“… A continent for better or worse divided.” –Partition by W. H. Auden
“Where we’re going, we don’t need roads.” That’s how the movie Back to the Future ends.
For us, the people originally from the eastern part of Bengal, it was like, “where we came from, we didn’t have roads.” Forced displacement in the name of religion made us refugees in our own land – the country for which my forefathers fought for, so that it could get its independence.
I still remember my paternal grandmother telling me of how my grandfather and her, along with other ‘refugees’, worked day and night with soil and earth and dust to build roads. They knew, the rulers, even though they were Indians and no longer British, would not do anything for them.
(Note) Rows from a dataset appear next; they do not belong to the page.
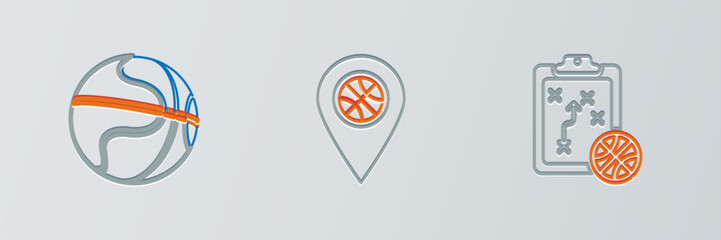 Sticker - Set line Sports winner podium, Stopwatch with basketball ball and Planning strategy concept icon. Vector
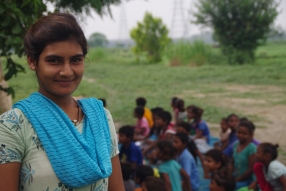 One of the tutors we are training, at one of the slums in India where Charity United's educational programs are in place.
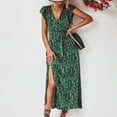 thumbnail image 6 of Edvintorg Long Summer Dress Women's Leisure Holiday V-Neck High Waist Lace Up Split Print Maxi Dresses Beach Dress for Women Green XL, 6 of 7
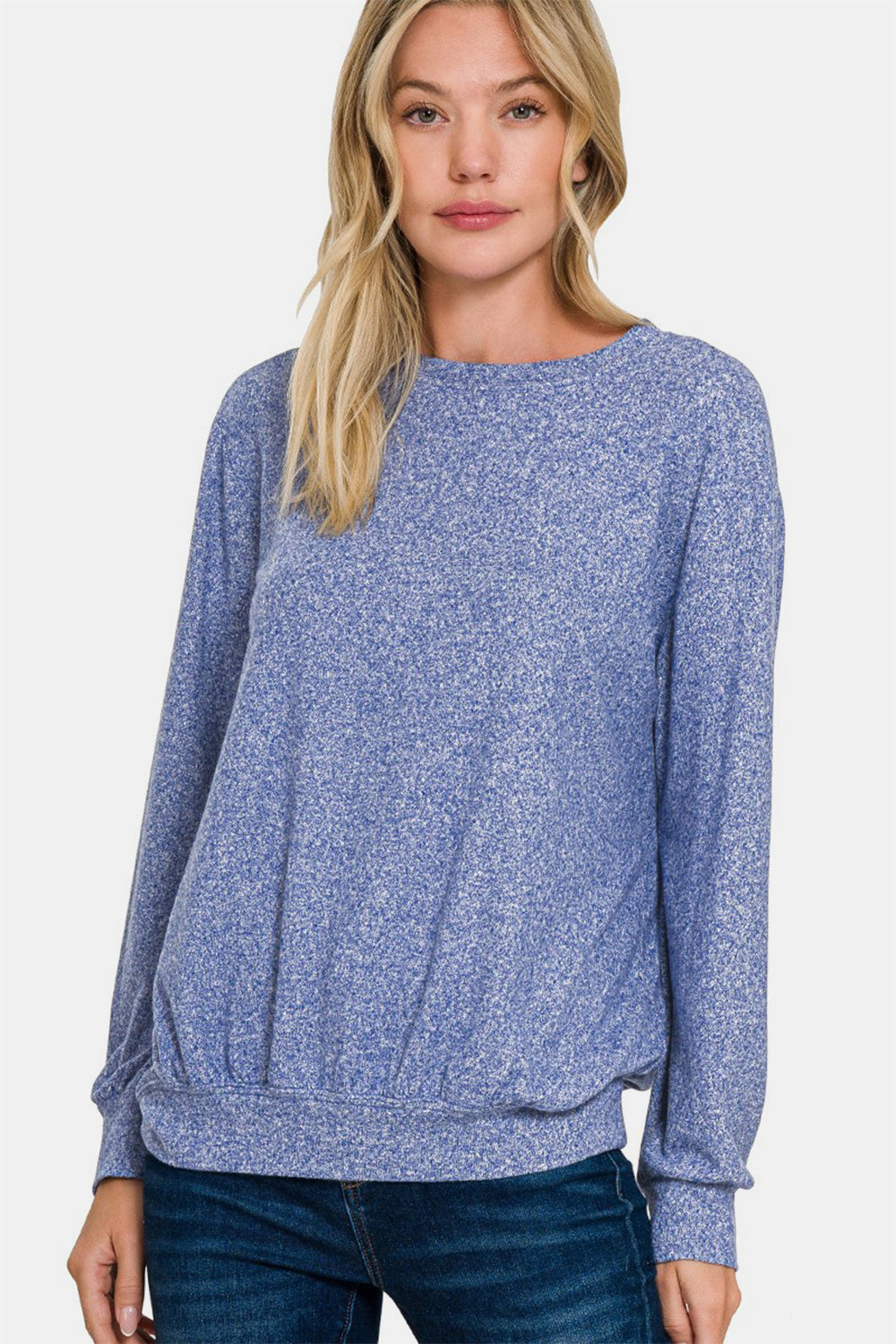 Melange Round Neck Top in Navy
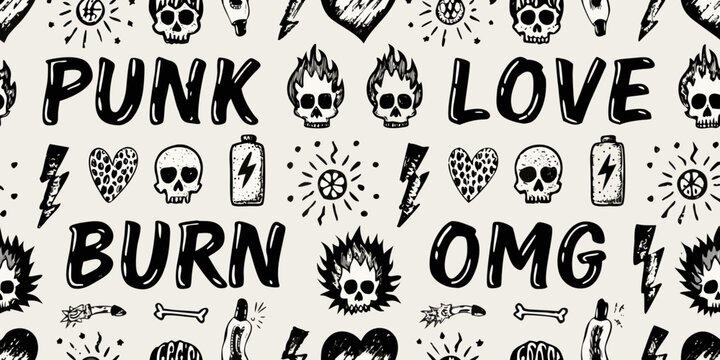 Punk rock floral ornament and skull pattern with handwritten typography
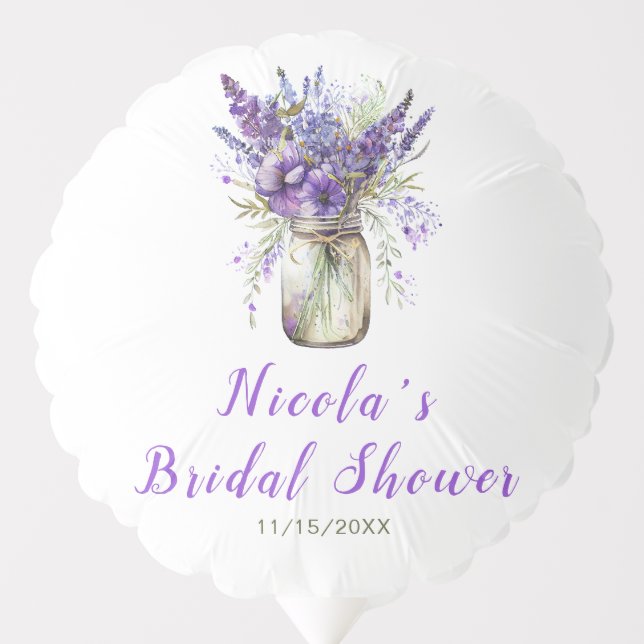Lavender Mason Jar Bridal Shower  Balloon (Front)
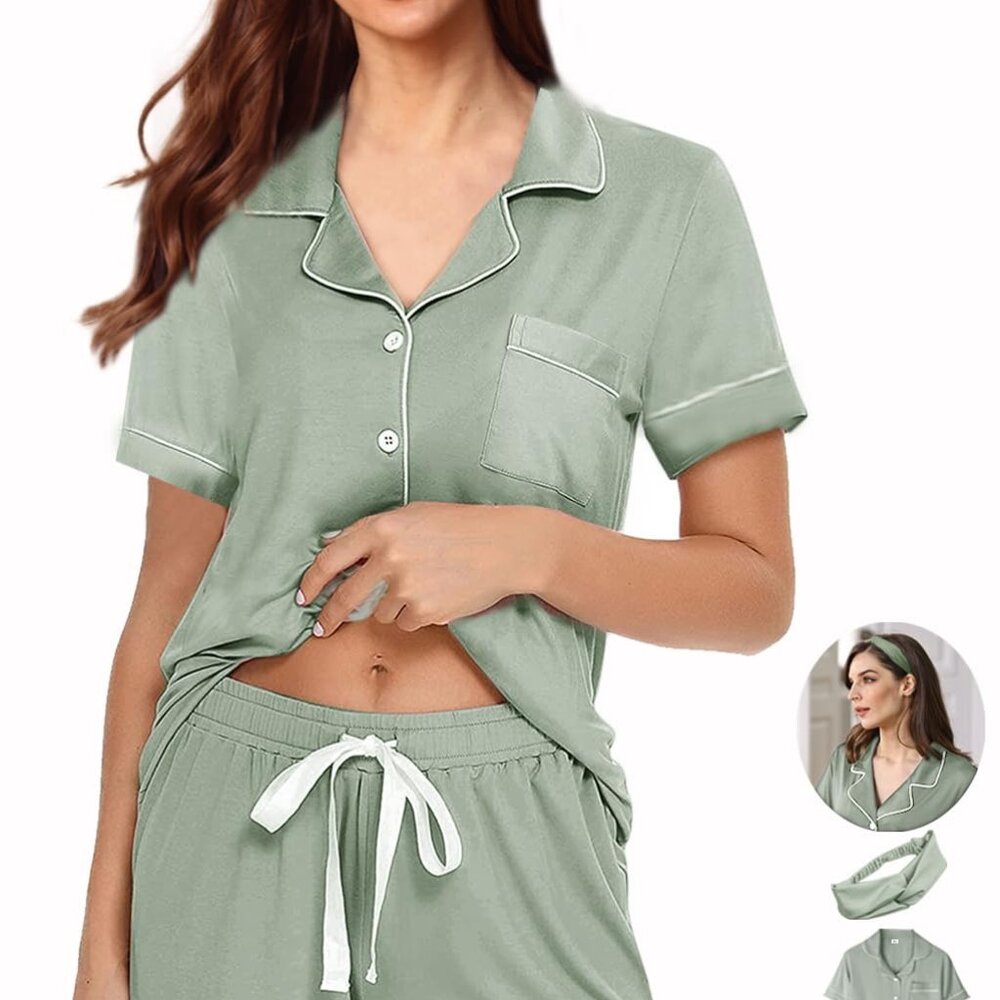 Soft Knitted Pajama Set Button Down Sleepwear Lou… - image 1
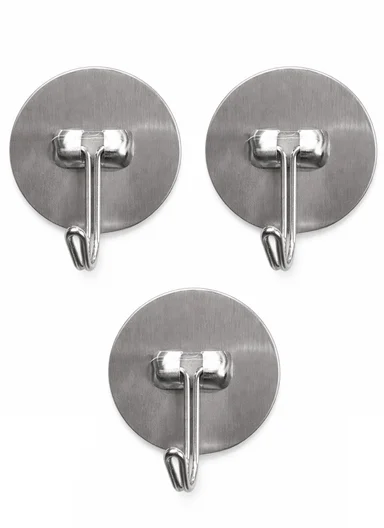 3-Piece 3Kg Max Load Stainless Steel Adhesive Round Hook Set 591-1604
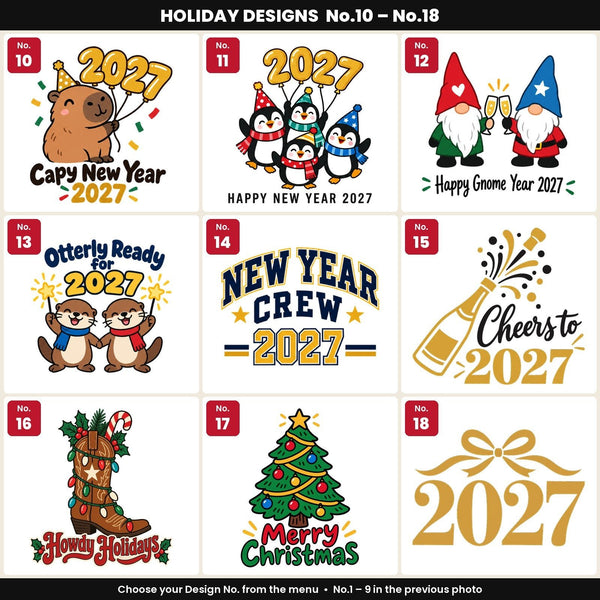 Red New Year Canvas Tote Bag 14" × 16" (35 × 40 cm) – Penguin Family 2027 Print, Custom Holiday Gift Bag - Pamusan.com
The post-Partition Indian government ignored us, and turned Bengal into a land of destitution.
My maternal grandfather told me stories of how an old Muslim man wanted to cross the border and go to the eastern side during the late 1960s, because he feared the religious fundamentalists would kill him.
But, he also knew that on the other side of the border, the Pakistani army was ruthlessly killing Bengalis.
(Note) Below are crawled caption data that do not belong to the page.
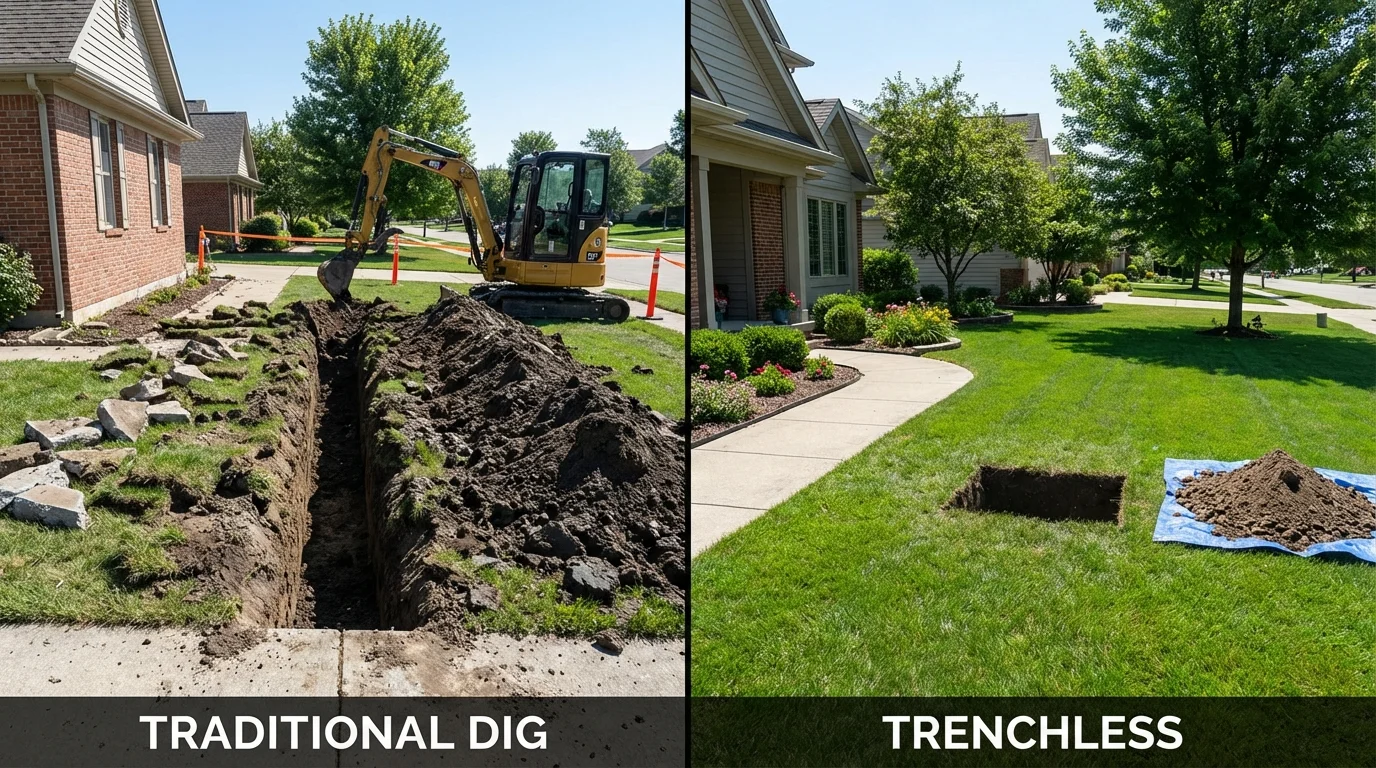 Trenchless sewer repair with minimal yard damage versus traditional excavation in Limington, ME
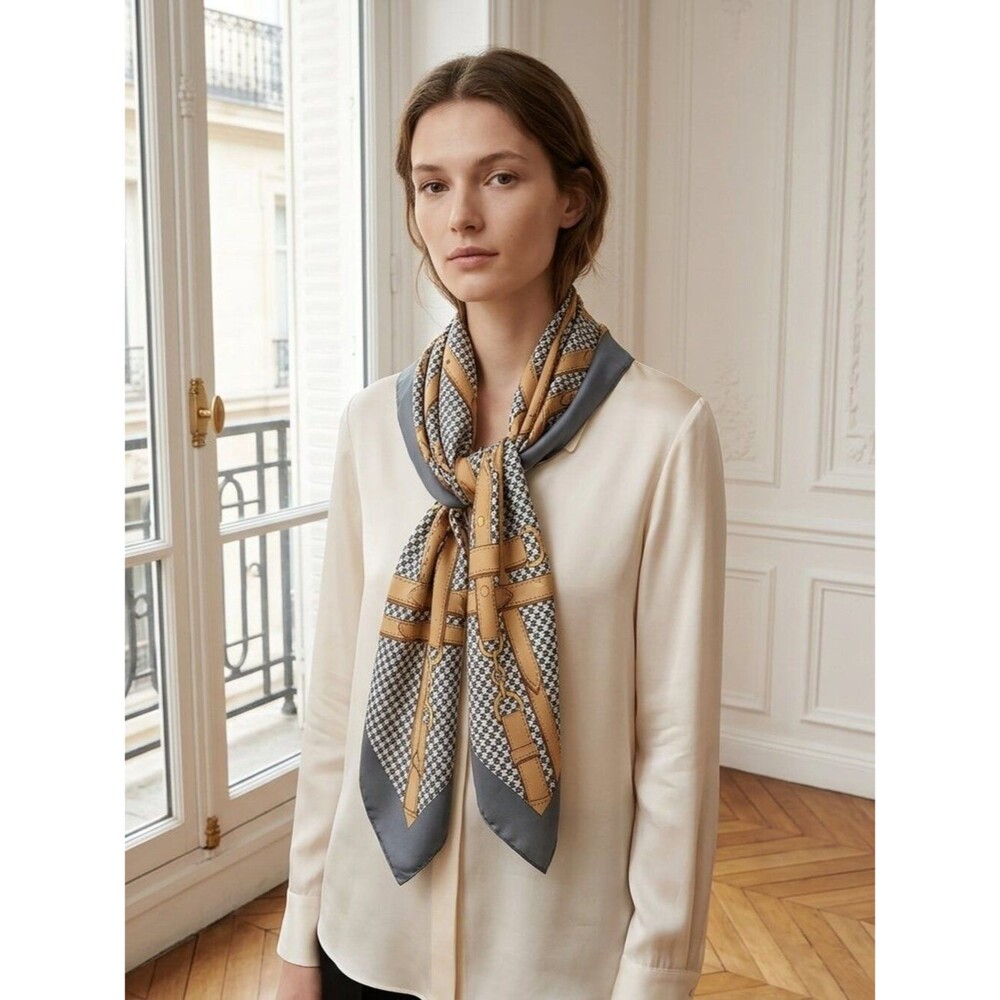 Elegant Gray Houndstooth Belt & Buckle Print Scarf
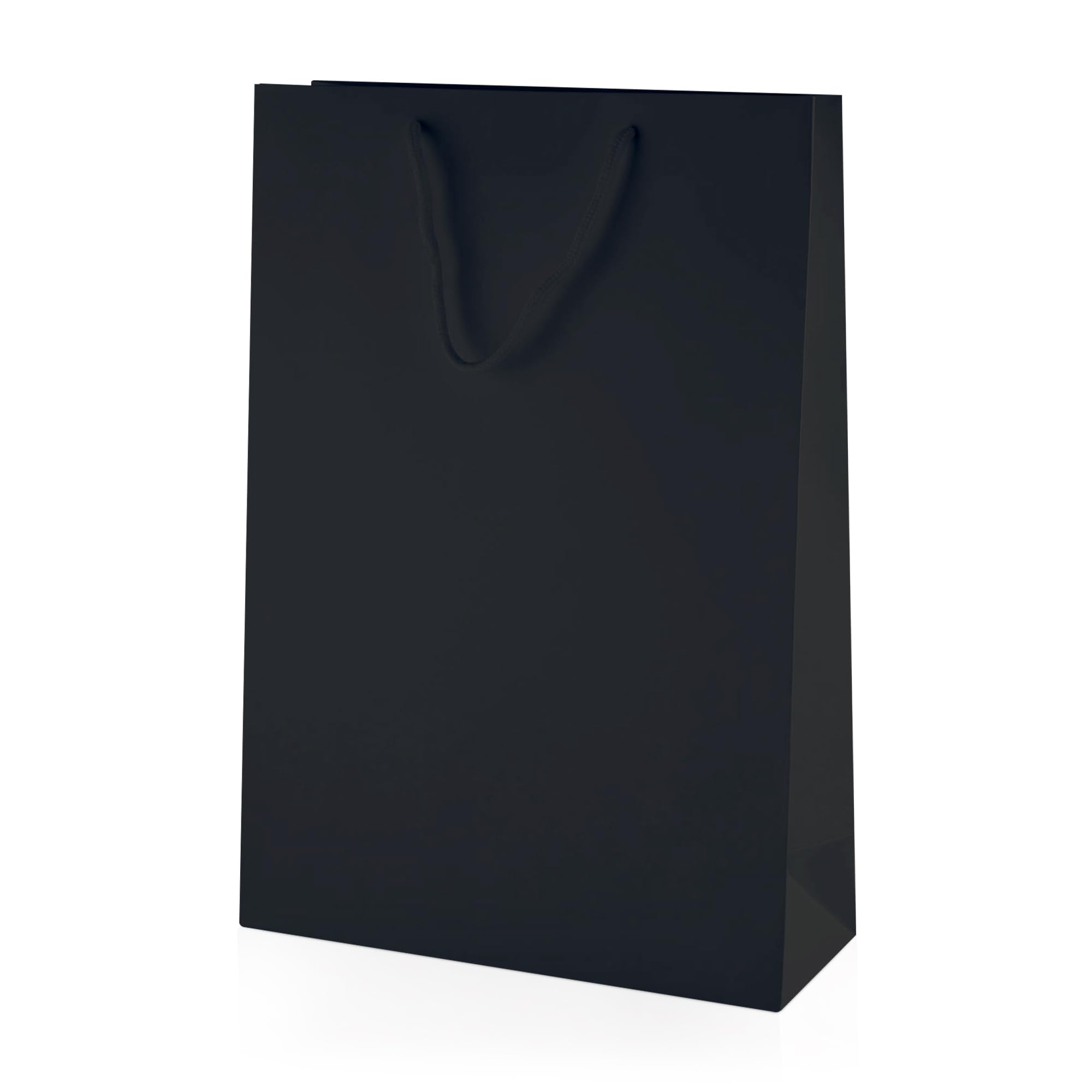 Thepaperbagstore 100× Black Medium Tall Matt Gift Bags 25×36×10cm – 250 gsm Boutique Paper Bags with Rope Handles & Reinforced Base – Ideal for Gifts, Weddings, Retail & Corporate Use — image 1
During the 1947 Partition of India, more than 75,000 women were raped and disfigured, according to William Dalrymple. And according to Lisa Sharlach, more than 200,000 women were raped during Bangladesh genocide.
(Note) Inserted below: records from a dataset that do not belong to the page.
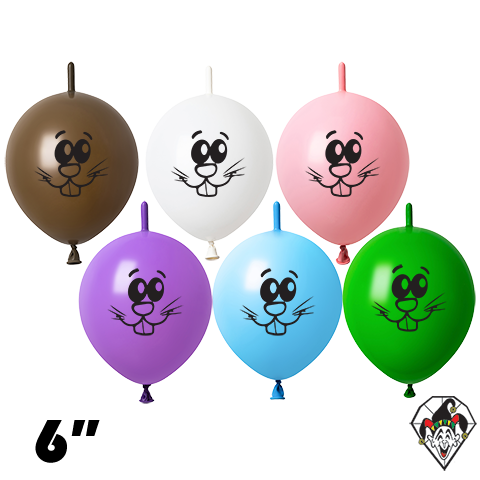 6 Inch Link Bunny Assortment Balloon Britetex 50ct By Corinne Sparkles Smith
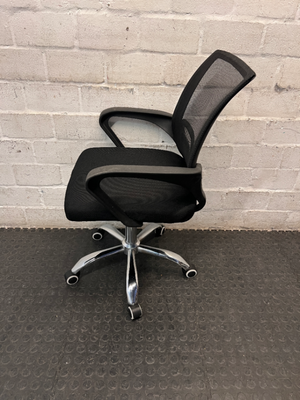 Black Mesh Mid-Back Office Chair with Chrome Base — Good Condition with Scuffs on Armrest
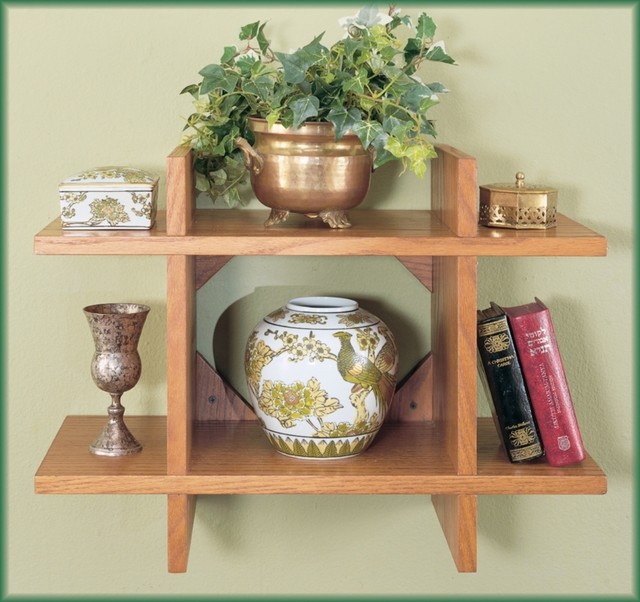 Light Oak Modular Shelf Contemporary Display & Wall Shelves by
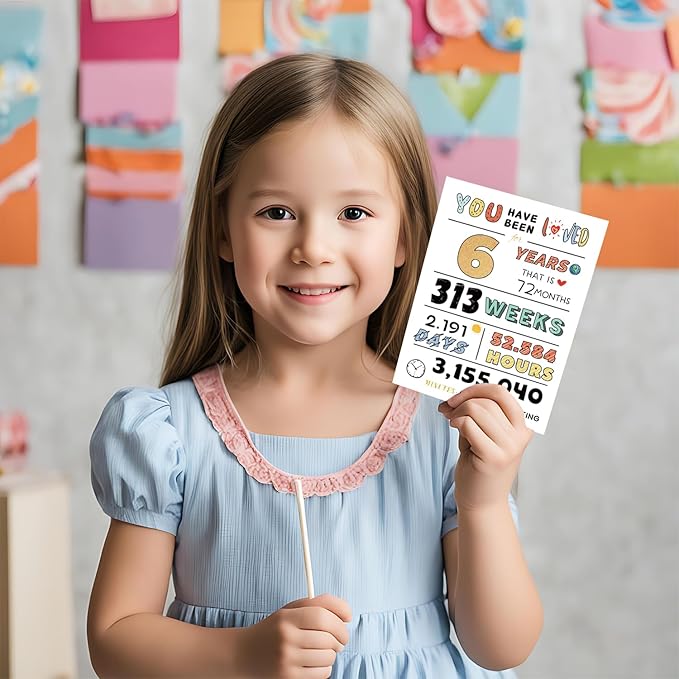 Cute 6th Birthday Card for Girls Boys, Ideal 6th Birthday Gift from Mom Dad, Six Years Old Birthday Card Gift For Son Daughter Children, Unique 6th Birthday Decorations for Grandson Granddaughter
In the first instance, the leaders were mostly Hindus, and in the second instance, Muslims. Religious fundamentalism has always been an exterminator of the common man’s dreams.
The Indian government did not provide us with any aid. We were tagged with the term ‘refugee’ and the rest of India forgot about us.
Before Partition, we knew that our country extends from Lahore, Karachi to Dhaka and Barisal. After that, we were told that, those are no longer parts of our country and we have to move to another place.
Noam Chomsky, while describing the effects of colonization on Bengal, said, “Bengal was one of the richest places in the world when the first British merchant warriors arrived there. They described it as a paradise.”
The same fields of Bengal became a slaughterhouse for wandering rioters and rapists.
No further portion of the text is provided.